Coronavirus travel restrictions: When will Australia open its borders to temporary visa holders?

Coronavirus travel restrictions: When will Australia open its borders to temporary visa holders?

Coronavirus travel restrictions: When will Australia open its borders to temporary visa holders?

Interstate lockdowns are set to ease, but the halt on international travel is likely to stay for longer. With the Australian government focused on staving off a second wave of COVID-19 cases, “gradual and cautious reopening” of borders seems to be the only way forward, say experts.

Travel and immigration for work, study or seeking asylum will remain disrupted despite Australia recording a significant reduction in the number of new daily infections.

While initial reports suggested that international travel may not resume until the end of 2020, Acting Immigration Minister has said that borders may remain close to non-Australian citizens and residents for the foreseeable future.

Right now, our focus is on keeping those borders strong. It will be some time away until we see immigration back to anything like normal – Alan Tudge

Earlier in an interview with SBS Punjabi, Minister Tudge reiterated that the government is yet to take a decision on when it would open its borders to anyone other than the Australian citizens and permanent residents.

“I think it will be some time yet before we reopen the borders but it’s is something that we’d like to do in the future because immigration has been such a critical part of Australia’s success,” he said.

temporary visa holders australia + Hub Migration
A deserted Terminal 2 (Domestic) at Perth Airport

According to figures provided by the Australian Border Force to the Senate Committee on COVID-19, inbound travel to Australia is down by 98 per cent, ever since the government closed its borders to temporary visa holders.

Responding to an inquiry in the same committee, Chief Medical Officer Brendan Murphy said border restrictions would likely be the final measure lifted and would stay in place even if other restrictions were eased.

“I think we are thinking of a planning framework of three to four months in terms of our next steps. We’re looking at, potentially, whether we can relax some distancing with very strong compensation by even stronger public health measures. But I wouldn’t be envisaging any material changes to border measures in that three to four-month period,” he said.

The only exception to this is New Zealand and the likely return of international students by July as part of ‘Step Three’ of the government’s ‘Roadmap to a COVIDSafe Australia’.

For everyone else, including tourists and skilled work visa holders and their families, this could entail a longer wait.

Australian visa processing system
Former deputy secretary of the immigration department – Abul Rizvi

Former senior ­Immigration Department official Abul Rizvi told SBS Punjabi that even if the government considered opening the borders, it is highly likely that the process would be “very, very gradual and selective.”

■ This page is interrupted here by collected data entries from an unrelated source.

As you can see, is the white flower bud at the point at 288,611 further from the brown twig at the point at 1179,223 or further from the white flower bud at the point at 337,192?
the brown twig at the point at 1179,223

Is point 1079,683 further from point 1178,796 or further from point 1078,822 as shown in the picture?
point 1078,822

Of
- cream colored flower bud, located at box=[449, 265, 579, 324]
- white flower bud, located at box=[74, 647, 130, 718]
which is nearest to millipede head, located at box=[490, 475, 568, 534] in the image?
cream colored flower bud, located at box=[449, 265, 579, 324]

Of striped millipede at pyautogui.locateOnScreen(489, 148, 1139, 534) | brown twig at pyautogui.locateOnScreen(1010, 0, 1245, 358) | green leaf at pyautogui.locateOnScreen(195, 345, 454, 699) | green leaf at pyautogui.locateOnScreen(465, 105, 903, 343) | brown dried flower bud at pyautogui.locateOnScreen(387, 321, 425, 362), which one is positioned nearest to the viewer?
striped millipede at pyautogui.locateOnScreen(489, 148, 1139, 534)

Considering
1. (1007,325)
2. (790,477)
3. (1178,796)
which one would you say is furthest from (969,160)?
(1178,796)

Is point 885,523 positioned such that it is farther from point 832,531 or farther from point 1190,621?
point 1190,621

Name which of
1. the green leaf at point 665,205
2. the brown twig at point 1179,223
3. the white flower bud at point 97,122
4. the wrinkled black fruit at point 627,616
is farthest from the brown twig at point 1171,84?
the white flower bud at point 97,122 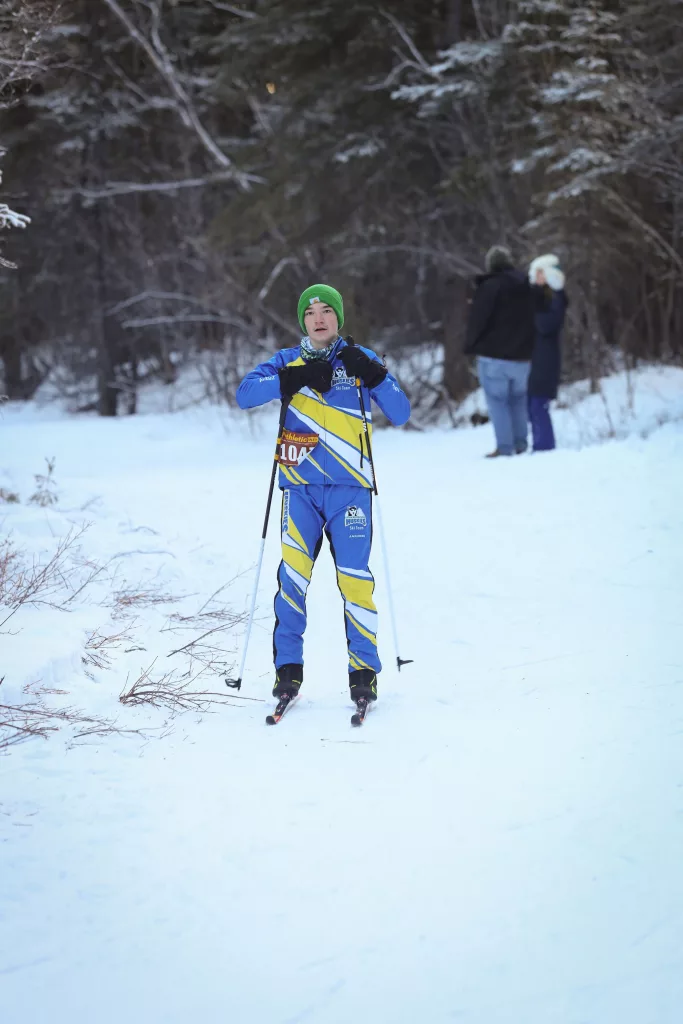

“In terms of skilled temporary migrants, those who are in occupations that are important for the country’s recovery such as the healthcare workers may have an early chance to return to the country depending on the government’s strategy for reopening the borders,” he said.

He added that for all others including new applicants who are planning to apply under the skilled independent category, Australia as a work destination may be off-limits for the foreseeable future.

I don’t think invitations to visa holders will increase until the crisis has been addressed, there’s a vaccine and until there are restrictions on international travel – Abul Rizvi

“And to those thinking to apply for the independent category I would say to you, now is not the time to migrate to Australia because the odds are that you will come into an economy and a labour market where getting a job would be very difficult and the risk of you depleting your savings in those circumstances are strong,” he added.

But Australia is not the only country that is expected to weather the impact of border restrictions. The latest survey conducted by the International Air Transport Association (IATA) suggests that global air travel though may witness a slight uptick next year, it is unlikely to be widespread until 2023.

General view of empty baggage check-in lines inside in International terminal at Tullamarine Airport, Melbourne, Friday, March 13, 2020. (AAP Image/James Ross) NO ARCHIVING
Empty baggage check-in lines inside the International terminal at Tullamarine Airport, Melbourne.

“The impacts of the crisis on long-haul travel will be much more severe and of a longer duration than what is expected in domestic markets,” IATA’s Director General Alexandre de Juniac said in a press statement on Wednesday.

He added that the governments would have to consider temporary alternatives to mandatory quarantine to restore confidence in air travel.

“Our proposal is for a layering of temporary non-quarantine measures until we have a vaccine, immunity passports or nearly instant COVID-19 testing available at scale,” said Mr Juniac.